Several members believe that AIPAC’s first priority is to shore up the bipartisan consensus that has made it such a historically powerful lobby – a consensus that was threatened during the high-profile debate over the Iran deal, which pit the organization against a sitting Democratic president on his signature foreign policy achievement.
“It’s not just Republican members. It’s also Democratic members who aren’t happy with AIPAC at the moment – they’ve dug themselves a deep hole,” said one Democrat who works closely with members of Congress on these issues.
“I’m sure for certain members, AIPAC is trying to salvage the relationship. But Democrats remember the meetings in their offices, they remember the vitriol aimed against them when it came to the Iran deal, and that stuff isn’t easily forgotten.”
AIPAC maintains that its access to members of Congress during last year’s debate was unprecedented, that a majority of Congress and the American people oppose the nuclear deal, and that its fight against the agreement ultimately revealed bipartisan consensus against it.
That consensus, the group says, is what it seeks to maintain, and is its reason for not joining what it dismisses as unwinnable, partisan fights.

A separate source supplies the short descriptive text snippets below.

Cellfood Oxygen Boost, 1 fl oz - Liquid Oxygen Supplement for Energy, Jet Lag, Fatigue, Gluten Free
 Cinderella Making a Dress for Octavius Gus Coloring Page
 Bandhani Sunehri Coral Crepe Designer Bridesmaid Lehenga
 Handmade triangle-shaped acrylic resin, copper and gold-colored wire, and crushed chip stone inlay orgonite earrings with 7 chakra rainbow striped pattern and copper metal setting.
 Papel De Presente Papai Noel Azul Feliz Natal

“We are working hard to move bipartisan legislation that actually has a chance to be passed that will hold Iran accountable for its nuclear commitments, punish it for its malign regional behavior and prevent further concessions to Tehran,” said Marshall Wittmann, spokesman for AIPAC, in response to this report. “As part of that effort, it is important to pass ISA reauthorization which will maintain the sanctions infrastructure to respond to Iranian violations.”